Docstring style: Google¶
Use Google-style docstrings for all modules, classes, and functions.
Module-level docstrings¶
Every .py file must start with a module docstring. State what the module
does, not what it contains. If the module implements a multi-step process, list
the steps.
"""Hatching pipeline: transforms an Egg into a target runtime.
Two modes:
rebuild (default): render from structured egg modules via connector
passthrough replay redacted raw/ snapshot verbatim
Pipeline steps:
1. Version check
2. Build file dict
3. LLM polish
4. Secrets IN
5. Write to disk
6. Hatch log
"""
Function and method docstrings¶
Every public function, every private function longer than about five lines, and every method on a public class must have a docstring.
Required sections (include only those that apply):
Section |
When to include |
|---|---|
Summary line |
Always. One imperative sentence. |
Args |
Any function with parameters beyond |
Returns |
Any function that returns a non-None value. |
Raises |
Any function that intentionally raises. |
Format:
def refine_hatch(
file_dict: dict[str, str],
egg: Egg,
llm_config: LLMTierConfig,
*,
log: list[dict] | None = None,
) -> dict[str, str]:
"""Adapt reconstructed files for the target platform via LLM.
Sends each file through the configured LLM tier for polishing or
cross-platform adaptation. Retries up to REFINEMENT_RETRY_LIMIT
times if redaction placeholders are dropped, and falls back to the
original content when all attempts fail.
Args:
file_dict: Mapping of filename to file content (placeholder'd).
egg: The Egg being hatched (provides manifest and secrets list).
llm_config: LLM provider, model, and API key.
log: If set, hatch log entries are appended here.
Returns:
Updated file dict.
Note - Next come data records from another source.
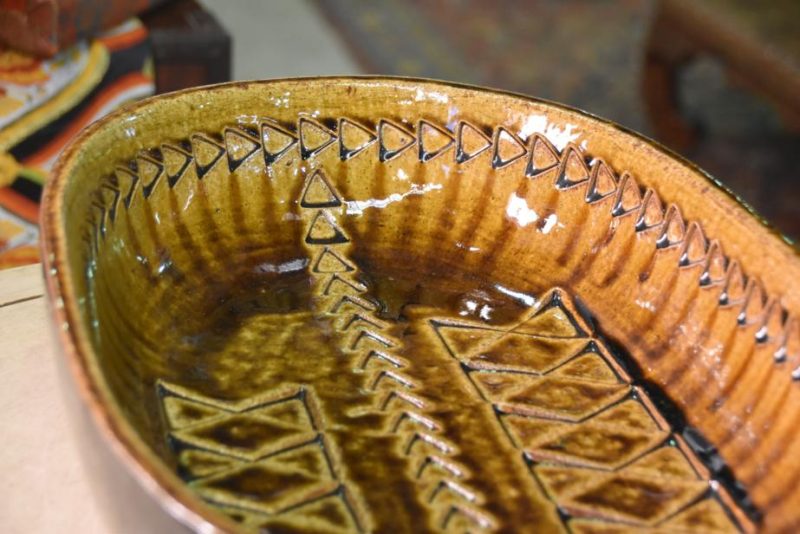 Japanese Studio Pottery Bowl - Image 13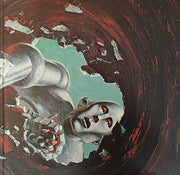 Queen : News Of The World (LP, Album, RE, RM, Gat)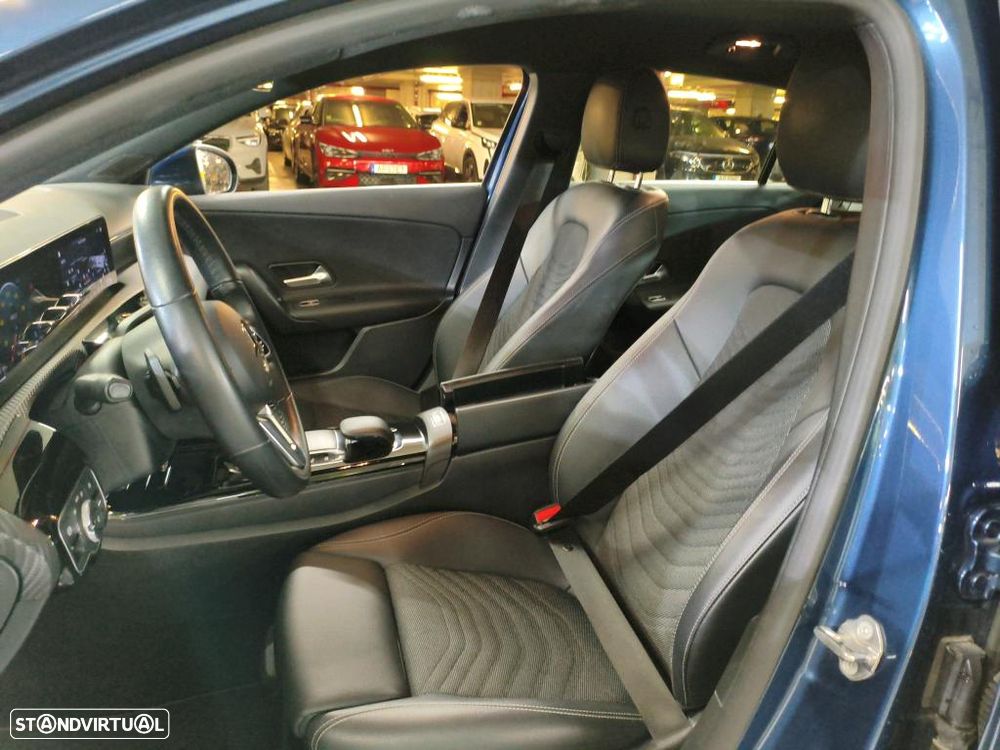Mercedes-Benz A 250 e Style Plus - 6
Files whose placeholders could not be
preserved are returned unchanged.
"""
Bad (do not do this):
def refine_skills(skills, llm_config, spawn_log=None):
"""Standalone skill refinement: delegates to _refine_skills via EggPartial."""
This restates internal wiring. It tells the caller nothing about what the function does, what it expects, or what it returns.
Class docstrings¶
One-line summary of purpose. If the class has important invariants or lifecycle notes, add them after the summary.
class PipelineContext:
"""Mutable state threaded through each spawn pipeline step.
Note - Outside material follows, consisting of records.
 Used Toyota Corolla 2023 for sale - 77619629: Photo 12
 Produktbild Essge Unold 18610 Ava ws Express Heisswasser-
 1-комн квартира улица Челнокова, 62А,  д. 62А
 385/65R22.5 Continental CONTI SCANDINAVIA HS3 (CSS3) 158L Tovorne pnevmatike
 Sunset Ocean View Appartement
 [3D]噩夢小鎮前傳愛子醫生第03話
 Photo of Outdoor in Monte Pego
All Nydusfile fields are front-loaded here at construction time.
No step should reach back into NydusfileConfig after this point.
"""
Docstrings for trivial functions¶
Functions that are genuinely one-line (e.g. a property, a thin wrapper) can use a single-line docstring. Do not pad with empty Args/Returns sections when the signature is self-documenting:
def _extract_placeholders(text: str) -> set[str]:
"""Return all {{SECRET_NNN}} / {{PII_NNN}} tokens in *text*."""
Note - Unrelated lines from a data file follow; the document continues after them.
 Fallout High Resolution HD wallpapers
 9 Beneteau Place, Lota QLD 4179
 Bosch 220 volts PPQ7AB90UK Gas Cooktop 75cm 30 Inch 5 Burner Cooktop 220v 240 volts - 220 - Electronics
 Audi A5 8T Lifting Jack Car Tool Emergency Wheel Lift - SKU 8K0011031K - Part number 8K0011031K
return set(_PLACEHOLDER_RE.findall(text))
In-function comments¶
When to comment¶
Comment why, not what. The code already says what it does. A comment should explain:
Non-obvious intent or constraints (“we check version compat before any file I/O so we fail fast on stale eggs”)
Domain rules that are not obvious from the code (“the LLM never sees real secrets: only placeholder tokens”)
Security boundaries (“secrets IN is the last transform before disk. Nothing after this point should touch file content”)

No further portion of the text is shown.